II. Les solutions jurisprudentielles antérieures
Comme vu précédemment, il est admis depuis longtemps que l’enfant à naitre puisse être indemnisé. Cette indemnisation est possible si l’enfant est la victime directe ou la victime par ricochet du fait dommageable. En l’espèce, l’enfant à naitre était une victime par ricochet. La jurisprudence a, en matière d’indemnisation, bien évolué ces dernières années. Elle est de plus en plus favorable à l’indemnisation, notamment avec la consécration de la victime par ricochet. On constate aussi que la place de l’intérêt de l’enfant est importante, l’arrêt de la 2ème chambre du 11 février 2021 ne fait pas exception à la règle.
La jurisprudence était donc déjà favorable à l’indemnisation de l’enfant à naitre. C’est ce qu’elle avait montré dans l’arrêt de 2017 lorsqu’elle avait indemnisé l’enfant à naitre pour la perte accidentelle de son père. Cependant, dans son arrêt de 2021, la Cour de cassation va plus loin et indemnise l’enfant pour la perte de son grand-père, qui est donc un proche d’un degré plus éloigné. L’autre évolution de cet arrêt se trouve dans la cause du décès, en effet, il n’est plus nécessaire que la mort résulte d’une cause accidentelle, la disparition peut également résulter de la caractérisation de l’élément matériel d’une infraction. Cette solution ouvre la porte à de nombreuses questions et de nombreuses possibilités.
III. Conclusion
Cette solution rendue par la Cour de cassation dans son arrêt du 11 février 2021 est nouvelle et laisse place à de nombreuses interrogations. L’indemnisation de la perte d’un aïeul n’est-elle possible que lorsque le décès du proche résulte de la caractérisation de l’élément matériel d’une infraction? En l’espèce, si l’infraction n’avait pas eu lieu on peut penser que l’enfant aurait connu son grand père. C’est bien la caractérisation de l’élément matériel de l’infraction qui a causé le préjudice de l’enfant.

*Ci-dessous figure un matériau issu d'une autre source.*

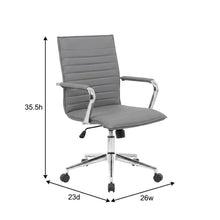 Vinyl Mid-Back Hospitality Chair with Adjustable Arms and a Chrome Base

Se pose alors la question de l’accident : on admet l’indemnisation de l’enfant à naître pour la perte accidentelle de son père, mais cela est-il possible pour le grand-père? Il n’y a pas de réponse à ce jour mais la Cour a, dans cet arrêt de 2021, insisté sur la caractérisation de l’élément matériel de l’infraction, ce qui laisse à penser que pour le moment la simple disparition accidentelle ne suffirait pas à caractériser l’indemnisation.
Enfin, il ne faut pas comprendre de cette souplesse des juges que tout est admis. En effet, la Cour de cassation a, par exemple, refusé d’indemniser l’enfant pour la perte de sa soeur ainée décédée plusieurs années plus tôt. On peut donc correctement penser qu’il est nécessaire que l’enfant soit conçu au moment de la survenance du décès (Cass. civ., 2ème, 11 mars 2021, n°19-17384).

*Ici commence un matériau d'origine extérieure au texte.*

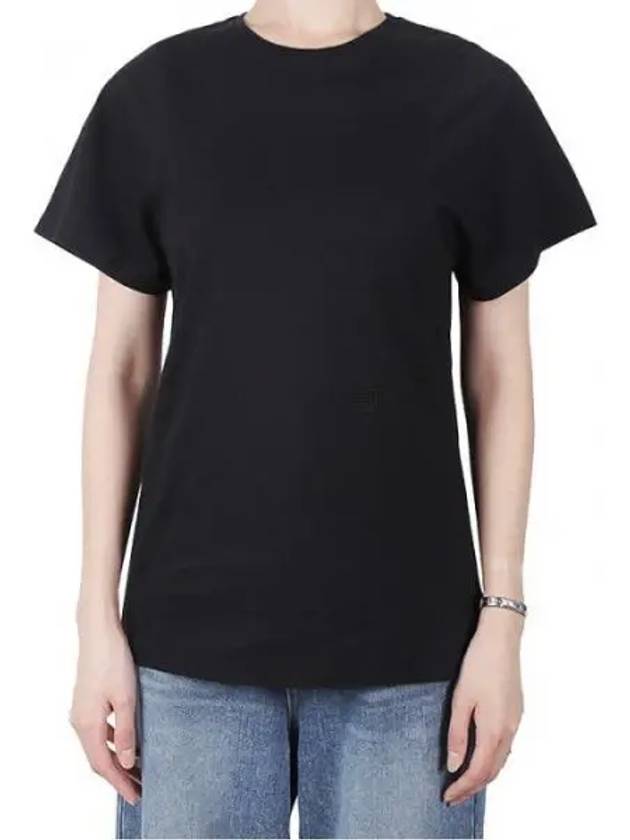 Embroidered Logo Cotton Short Sleeve T-Shirt Black - TOTEME - BALAAN 2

Une autre question peut finalement être soulevée : est ce que l’indemnisation peut résulter d’un autre événement que le décès ? L’enfant peut-il se prévaloir du handicap d’un parent par exemple? Beaucoup de questions restent encore aujourd’hui sans réponses mais au vu de la jurisprudence dégagée par la Cour, qui cherche à protéger l’intérêt de l’enfant, on pourrait envisager que cela soit admis dans les prochaines années.
Camille Botte, étudiante, titulaire d’une Licence 3 en droit, admise en M1.